WHAT TO WORK ON:
What you return must be the data below, word for word, without any images.

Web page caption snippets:

━━━━━━━━━━

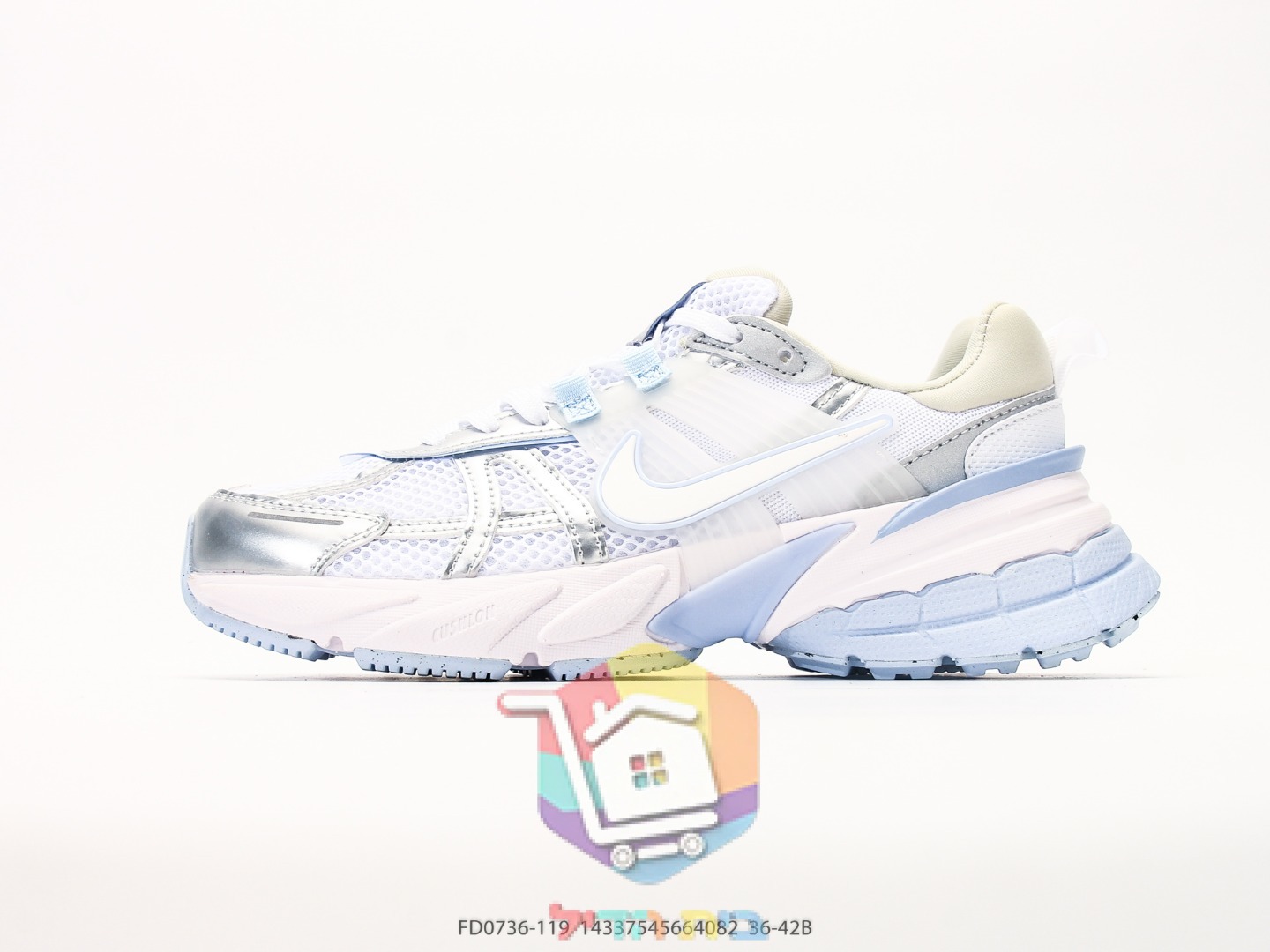 נעלי ריצה Nike V2K Run לבן כסף תכלת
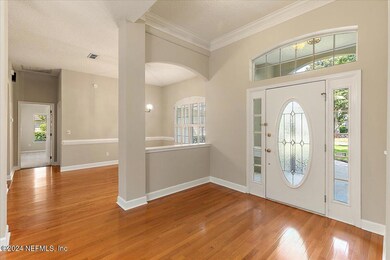 07-Foyer to Dining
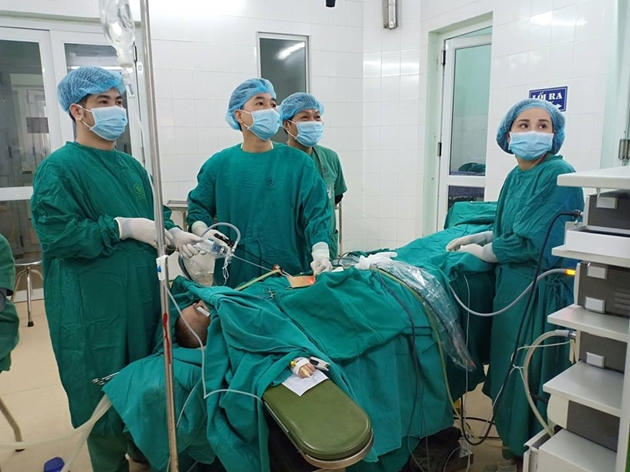 Kíp phẫu thuật nội soi cho bé.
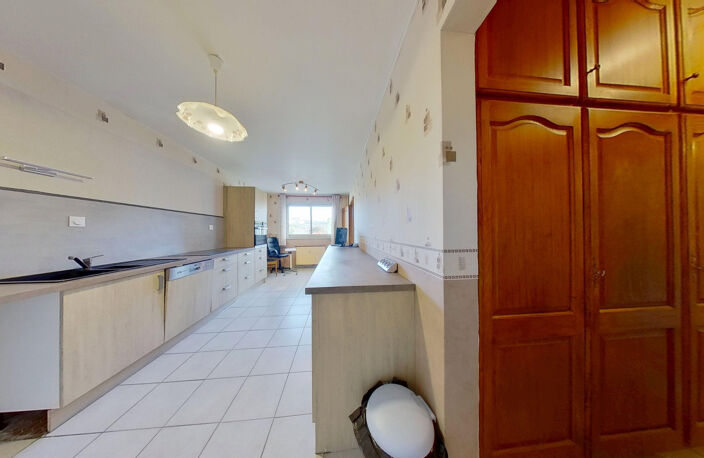 BEL APPARTEMENT LUMINEUX — photo 5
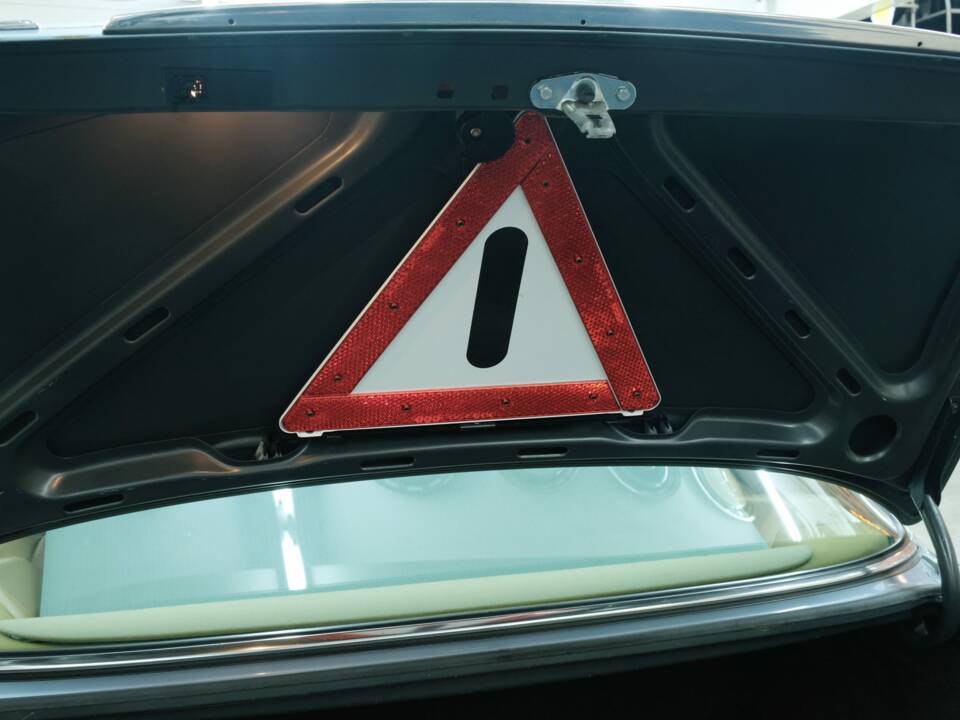 Bild 10/50 von Mercedes-Benz 420 SE (1988)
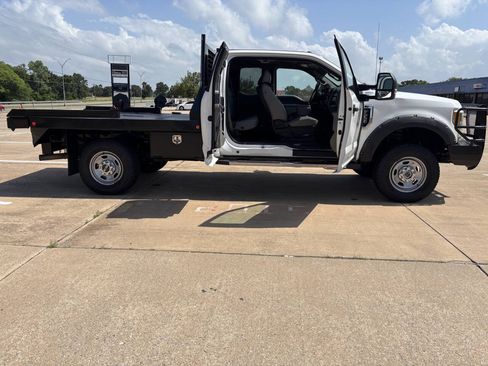 Used 2017 Ford F350 XL AWD/4WD image 11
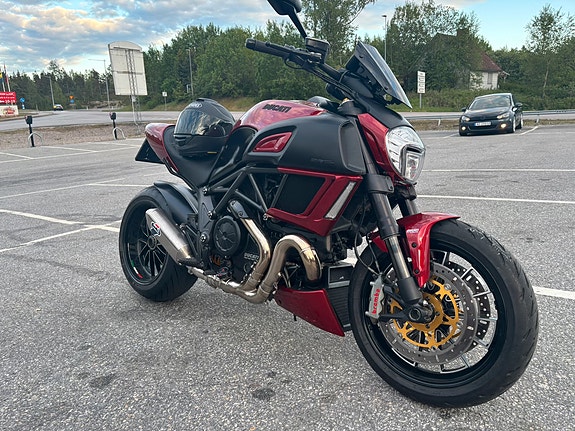 Ducati Diavel 24 of 25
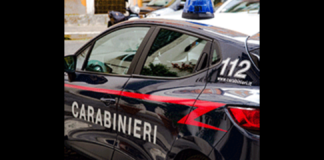 Ennesima misura cautelare personale quella adottata dai Carabinieri della Stazione di Spongano, coordinati dalla Procura della Repubblica di Lecce, che hanno arrestato nella flagranza di reato due coniugi pensionati, un 75enne ed una 70enne, entrambi residenti nel centro cittadino di Marittima di Diso poiché ritenuti responsabili di atti persecutori, violazione del provvedimento di avvicinamento alla parte offesa e porto abusivo di arma impropria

━━━━━━━━━━

EXPECTED OUTPUT:
 נעלי ריצה Nike V2K Run לבן כסף תכלת
 07-Foyer to Dining
 Kíp phẫu thuật nội soi cho bé.
 BEL APPARTEMENT LUMINEUX — photo 5
 Bild 10/50 von Mercedes-Benz 420 SE (1988)
 Used 2017 Ford F350 XL AWD/4WD image 11
 Ducati Diavel 24 of 25
 Ennesima misura cautelare personale quella adottata dai Carabinieri della Stazione di Spongano, coordinati dalla Procura della Repubblica di Lecce, che hanno arrestato nella flagranza di reato due coniugi pensionati, un 75enne ed una 70enne, entrambi residenti nel centro cittadino di Marittima di Diso poiché ritenuti responsabili di atti persecutori, violazione del provvedimento di avvicinamento alla parte offesa e porto abusivo di arma impropria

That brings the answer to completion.